Élan décentralisateur, rigueur juridique, dépense faible, instrument au service d'une ambition culturelle, autant de raisons de voter cette proposition de loi. Je ne doute pas du soutien du Sénat. J'espère que le Gouvernement s'y montrera favorable, envoyant ainsi un signal favorable aux collectivités et au monde culturel. (Applaudissements)

M. Michel Canévet, rapporteur de la commission des finances .  - (Applaudissements sur quelques travées du groupe UC) La France est connue pour son rayonnement culturel, qui tient à la richesse de son patrimoine et à la diversité des activités culturelles. Les acteurs publics, l'État et les collectivités territoriales, sont des acteurs incontournables du développement culturel, et la richesse de la vie associative fait essaimer l'action culturelle en tout point du territoire.

La commission des finances soutient ce texte de bon sens.

Les entreprises locales sont les sociétés d'économie mixte (SEM), les SEM à opération unique et, depuis la loi de 2010, les SPL. Dans mon département, le Finistère, c'est une SPL, Eau du Ponant, qui gère l'eau et l'assainissement ; dans le Morbihan, la Compagnie du Morbihan assure la gestion des ports ; Destination Rennes assure le développement touristique. Les exemples sont nombreux, avec 500 SPL à travers le pays.
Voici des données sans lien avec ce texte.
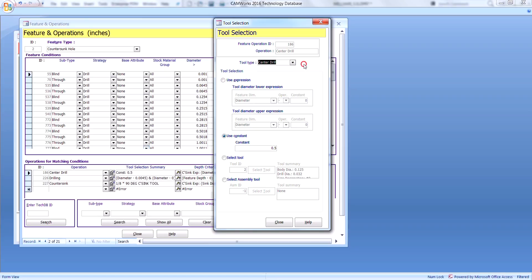In the tool selection, the tool type is shown at the top so we can choose the different tool types that can be used for this operation. The majority of the tools selected will actually use an expression — a mathematical equation to find the actual tool that will fit inside of that hole or feature. This one is currently using just a constant half-inch center drill, so it's just going to find a half-inch center drill no matter what.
Ce texte vise à élargir le bénéfice de la disposition fiscale en faveur du mécénat culturel, au titre de l'article 238 bis du code général des impôts, aux SPL, qui sont des outils purement publics, sachant que cette possibilité est déjà ouverte aux entreprises où siège l'État.

Le coût de cette mesure est modique - 1,7 million d'euros, à comparer aux 900 millions à 1,2 milliard d'euros consacrés au mécénat culturel. Nous sommes dans l'épaisseur du trait, d'autant que certains acteurs pourraient se déporter vers les SPL. (Mme Sonia de La Provôté et M. Julien Bargeton opinent.)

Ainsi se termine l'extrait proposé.